A Preview Of BYU's Offense

Expectations are high for BYU's offense going into every season.  When a team has been as good at one thing for so long, it becomes expected.  The reason for optimism is this: last year BYU finished strong and they are bringing everybody back.  They have a more experienced QB, a zesty playcaller, and grown-up WRs, TEs, and RBs.  However, let's temper the optimism a bit.  Yes, have high hopes.  As far as any fan knows, their team will go 12-0 in the fall and win the National Championship.  However, the turnaround in BYU's fortunes the second half of last season coincided with the turnaround in their strength of schedule.

BYU scored a ton of points in their last 6 games.  BYU only scored less than 20 once in those 6 games.  However, they only played 1 defense ranked in the top half of college football in scoring defense, which was also the one game they scored under 20 points.  3 of the 6 teams they played had defenses that ranked in the bottom quarter.  25 points against Wyoming (86th), 55 against UNLV (116th), 49 against CSU (104th), 40 against New Mexico (120th, dead last), and 52 against UTEP (66th).  So yes, BYU's offense was rolling at the end of the season.  But against the one good defense they played, they only managed 16 points.

Cody Hoffman made a lot of plays, but he was also more open.  Heaps looked a lot more comfortable in the pocket, but he wasn't getting chased around as much.  The OL was opening up huge holes and the RBs were finding them with ease, but that was against smaller and less talented front 7's.  A quick look at the back half of BYU's schedule in 2011 and I would say they will finish as strong as they did in 2010.  The first half of the season will be the key indicator.  Fantasize all you want about how good BYU's offense will be in 2011, but remember that they have not proved anything against anyone yet.

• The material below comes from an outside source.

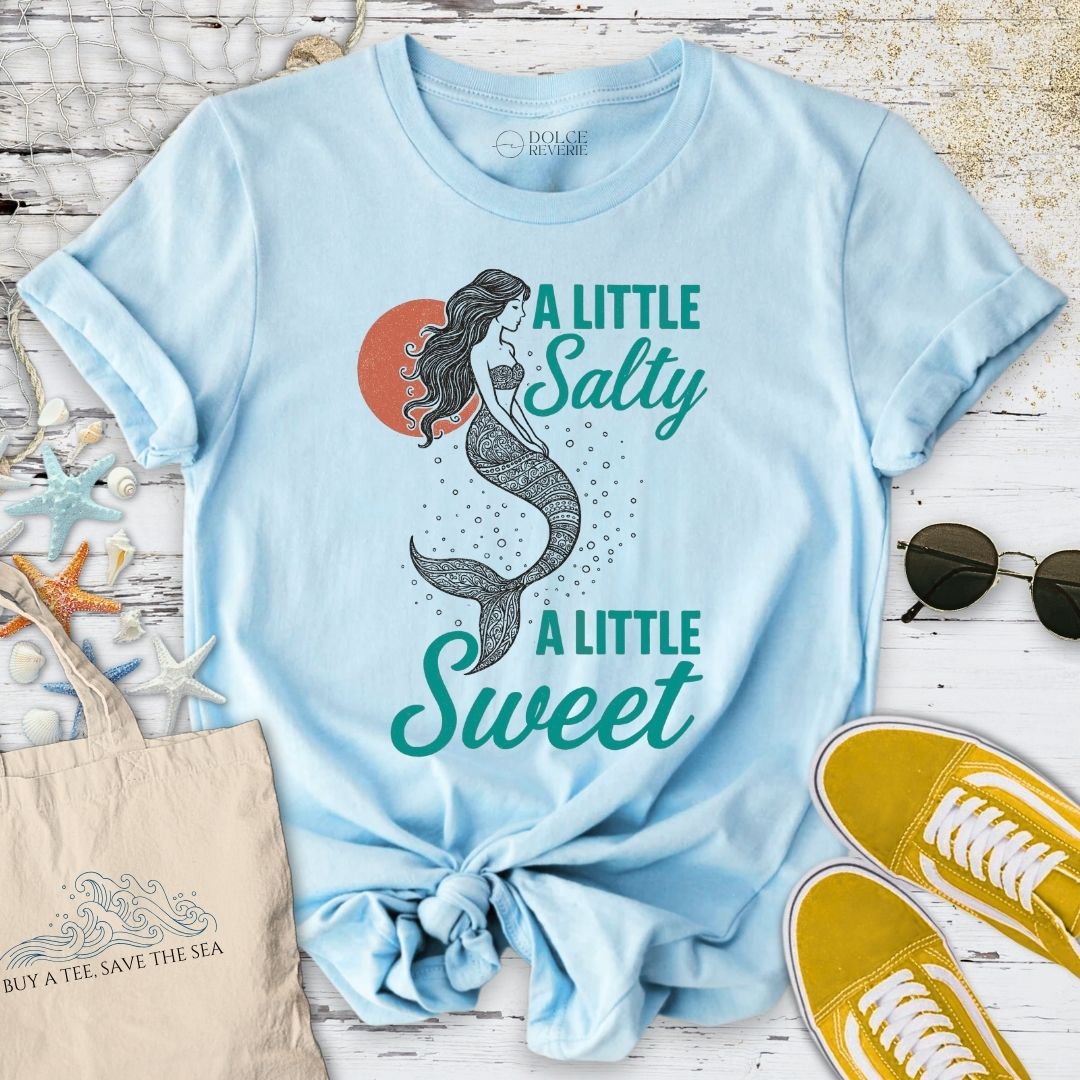 A Little Salty, A Little Sweet T-Shirt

With that said, I still expect BYU to average over 31 points/game.  There are 4 games they should easily score over 42 points (San Jose State, Idaho State, Idaho, New Mexico State), only 3 games where they may not break 20 (Texas, Utah, TCU, still COULD score score, but may not), and the rest should be somewhere in between.  That averages out to about 31 points/game.  At home, I expect them to average about 40 points/game, while winning by an average of 15-20 points/game.  They should absolutely beat San Jose State, Idaho State, Idaho, and New Mexico State by 4 TDs and Utah State by 2-3 TDs.  Utah and UCF are still wild cards as far as margin of victory (or victory, period).